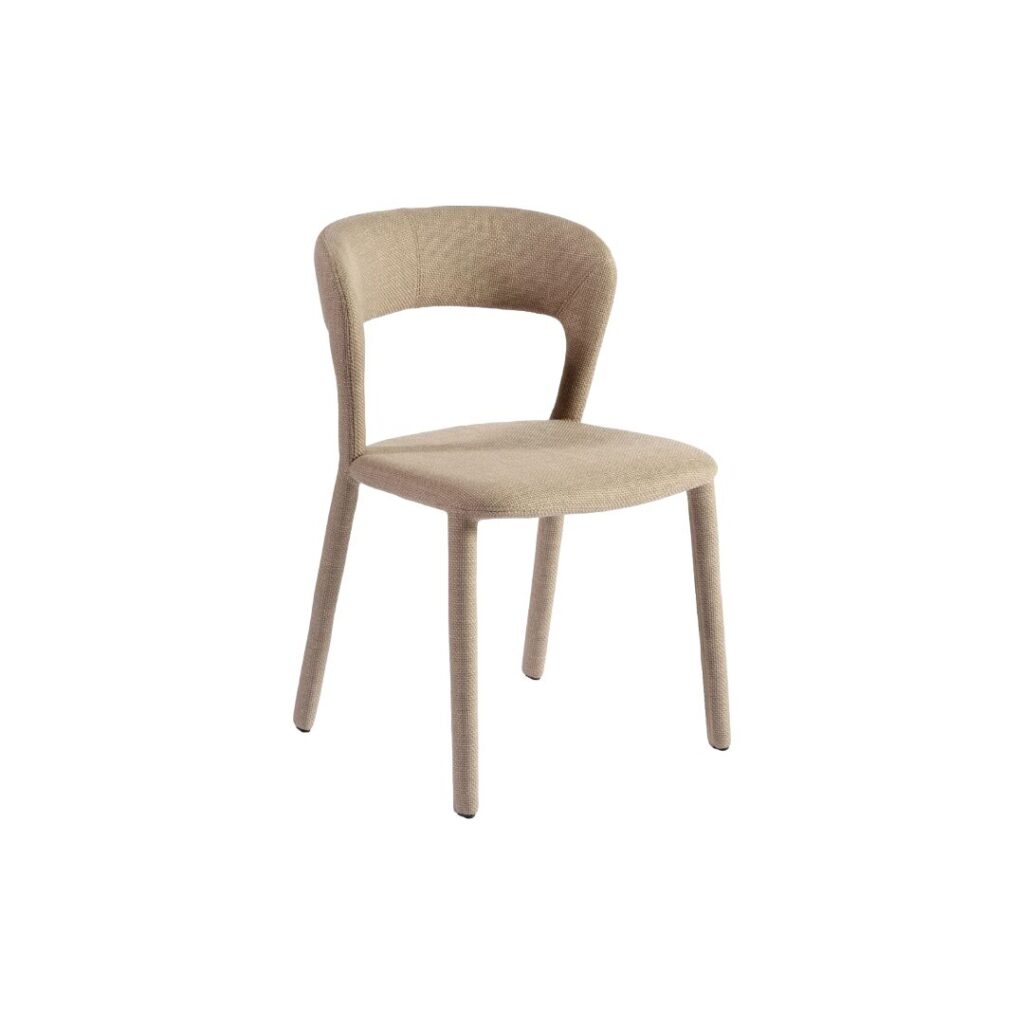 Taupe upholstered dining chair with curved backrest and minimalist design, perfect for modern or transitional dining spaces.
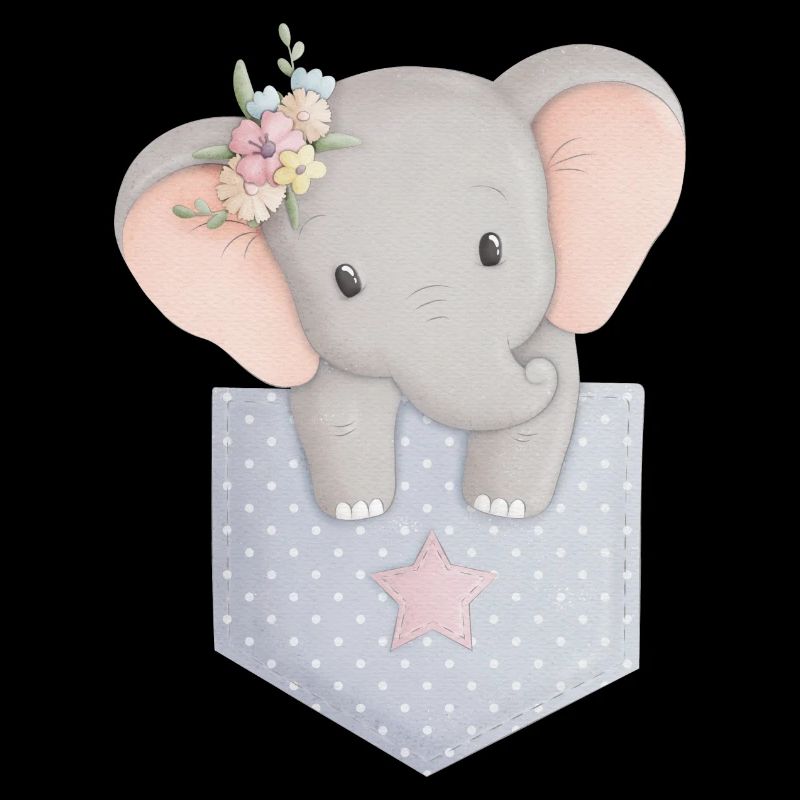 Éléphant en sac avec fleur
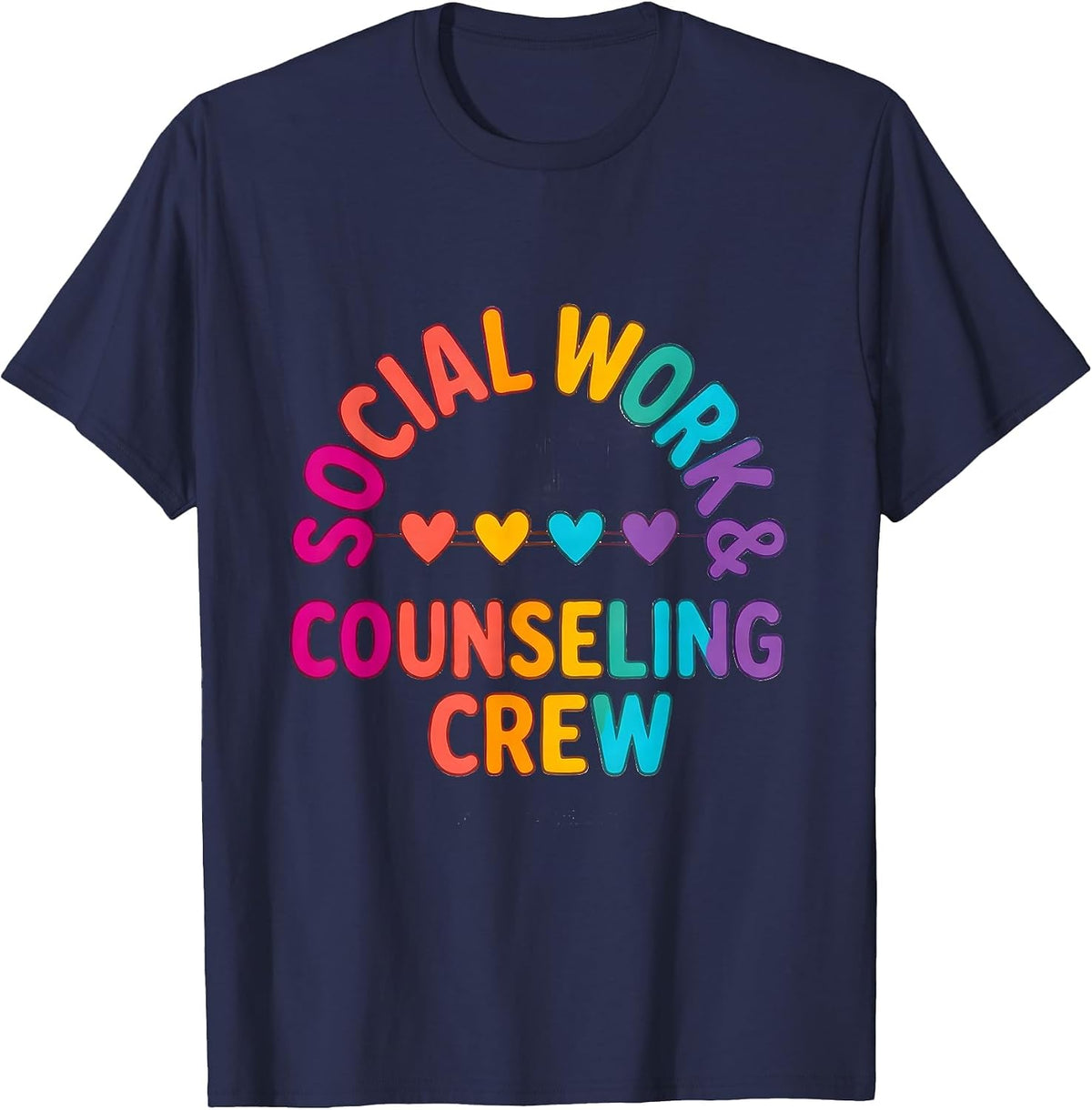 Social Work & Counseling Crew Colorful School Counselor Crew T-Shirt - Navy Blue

What the exercise asks: Without including any image, reproduce the full listing above as written.

Final answer:
 Taupe upholstered dining chair with curved backrest and minimalist design, perfect for modern or transitional dining spaces.
 Éléphant en sac avec fleur
 Social Work & Counseling Crew Colorful School Counselor Crew T-Shirt - Navy Blue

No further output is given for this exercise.